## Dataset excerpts

Content starts

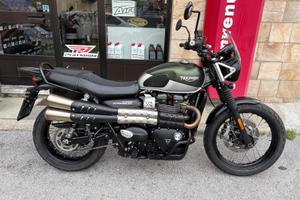 Triumph Street Scrambler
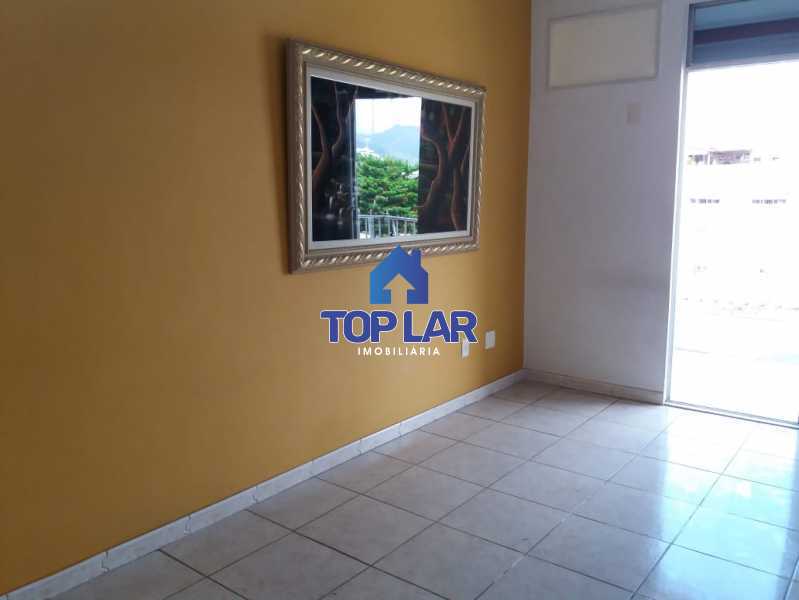 Conheça 03. do imóvel - Apartamento de 1 quarto em prédio único Vila Penha !!!! - HAAP10005 - 3 03. - 3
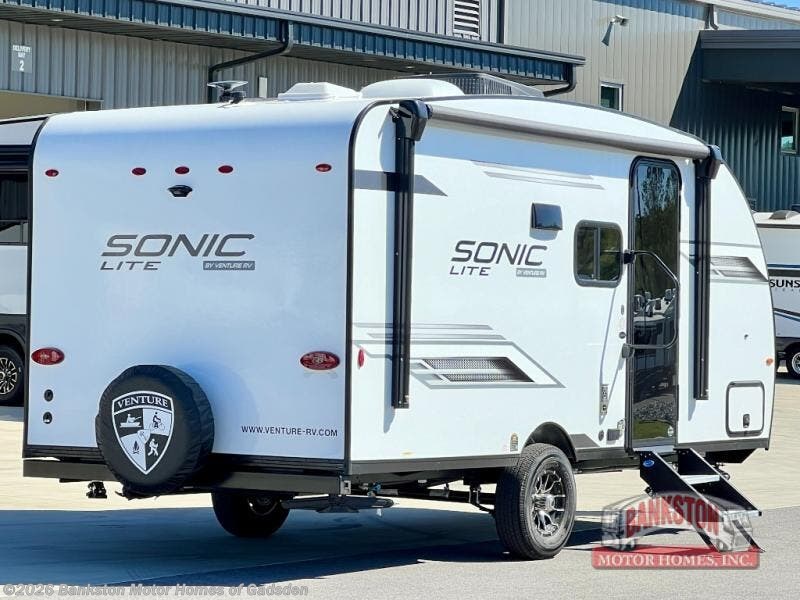 New 2025 Venture RV Sonic Lite SL169VMK available in Attalla, Alabama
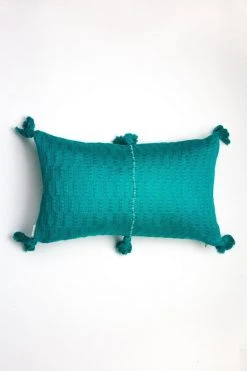 Archive New York Antigua Lumbar Pillow - Jade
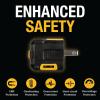 imageDEWALT Heavy Duty NeverBlock USB Charger Angled Dual Port 12W Wall Charger Adapter Foldable Plug Charging Box Brick Cube for iPhone 15 14 13 12 11 Pro Max Galaxy S22 S21 Note 20 HTC Moto LG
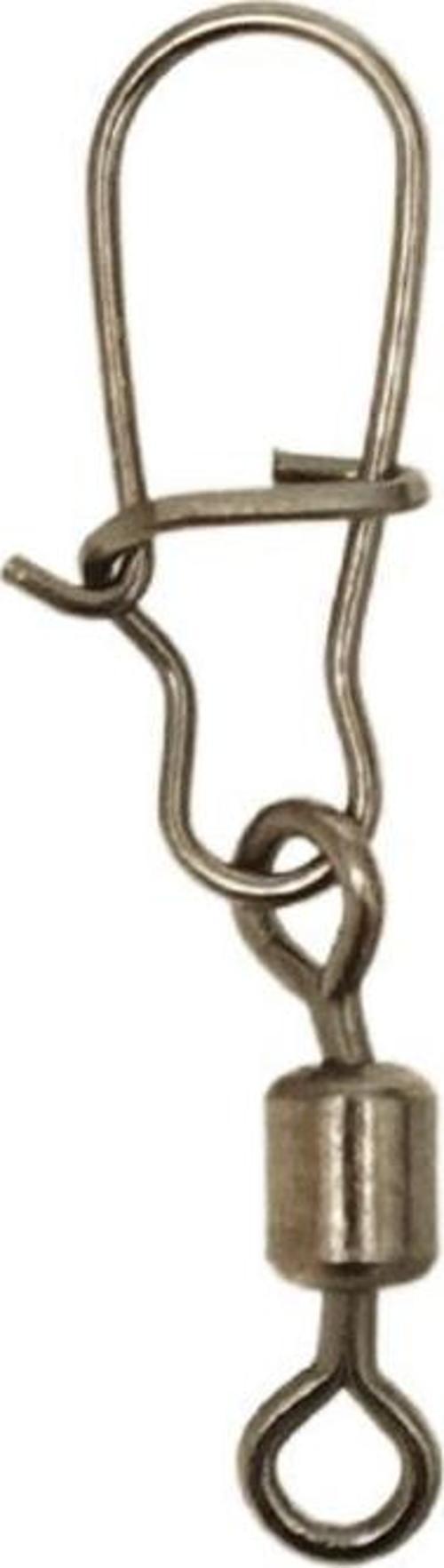 Ryj 3004 No 2 Klipsli Fırdöndü (10ad)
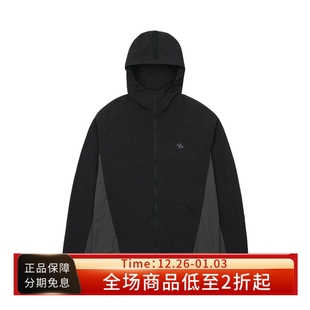 ALPHA 25FW JACKET城市机能宽松透气连帽运动夹克 GEAR SAN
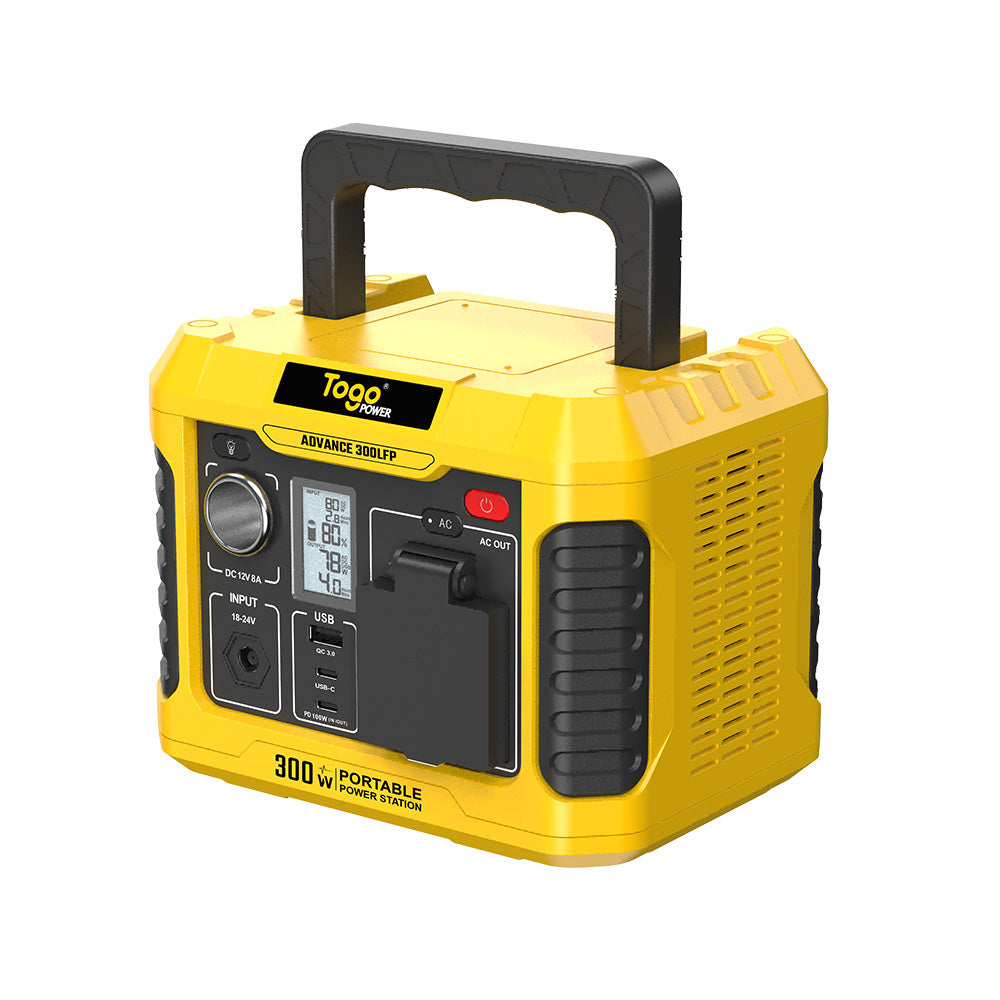 Station electrique portable ADVANCE300LFP | 177Wh 300W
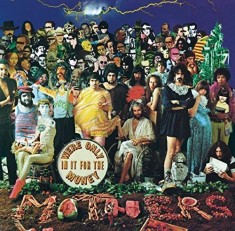 Frank ZappaThe Mothers Of Invention Were Only In It For The Money (cd) foto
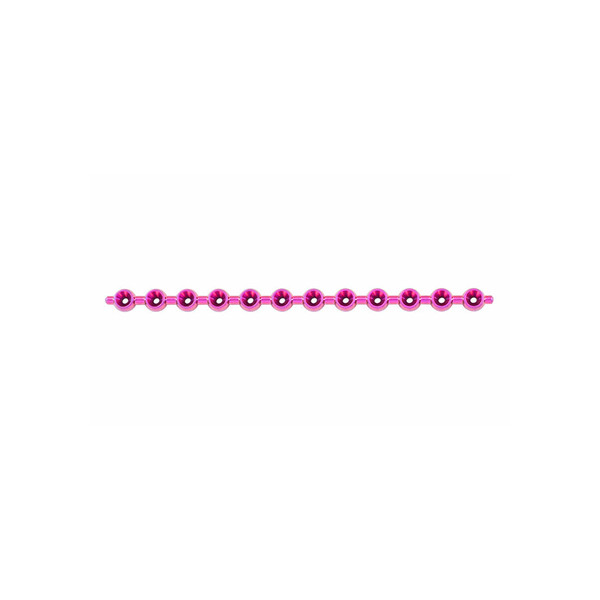 2.0mm Pearl Plate-12 Hole, Titanium*
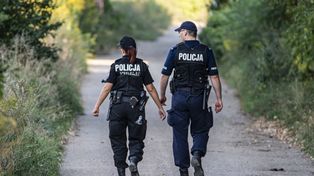 Krosno Odrzańskie: Święto Policji 2025. Funkcjonariusze z awansami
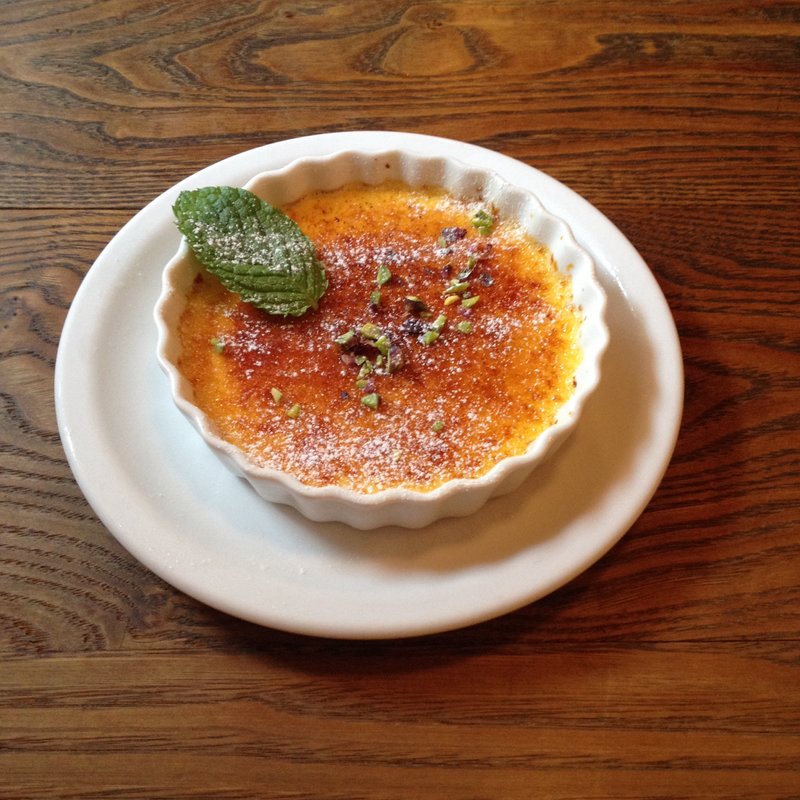 クレマカタラーナ(ピスカリア （Piscaria）)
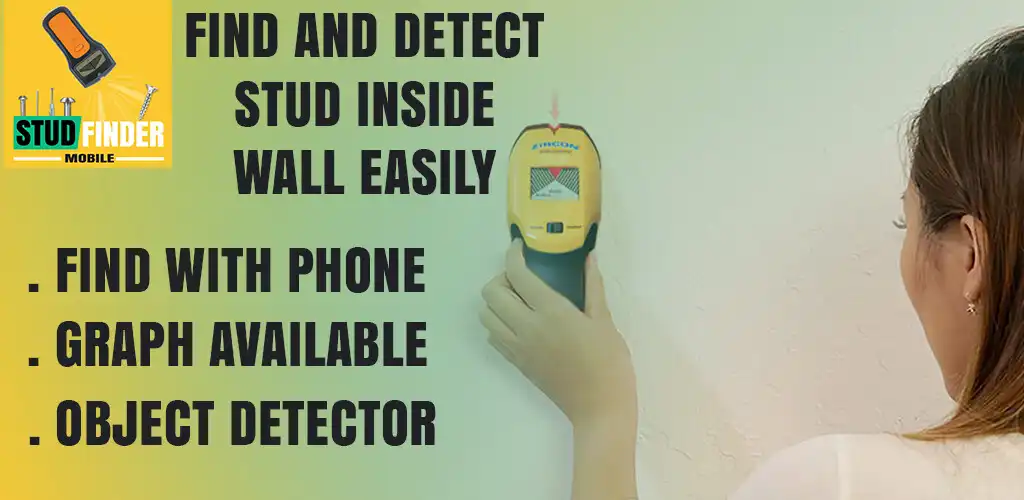 Play Stud Finder: Stud Detector App  and enjoy Stud Finder: Stud Detector App with UptoPlay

Content ends

## Your assignment
Begin at the first line of the entries and stop after the line holding "imageDEWALT Heavy Duty"; repeat those lines exactly, but not the pictures.

## Exercise answer
 Triumph Street Scrambler
 Conheça 03. do imóvel - Apartamento de 1 quarto em prédio único Vila Penha !!!! - HAAP10005 - 3 03. - 3
 New 2025 Venture RV Sonic Lite SL169VMK available in Attalla, Alabama
 Archive New York Antigua Lumbar Pillow - Jade
 imageDEWALT Heavy Duty NeverBlock USB Charger Angled Dual Port 12W Wall Charger Adapter Foldable Plug Charging Box Brick Cube for iPhone 15 14 13 12 11 Pro Max Galaxy S22 S21 Note 20 HTC Moto LG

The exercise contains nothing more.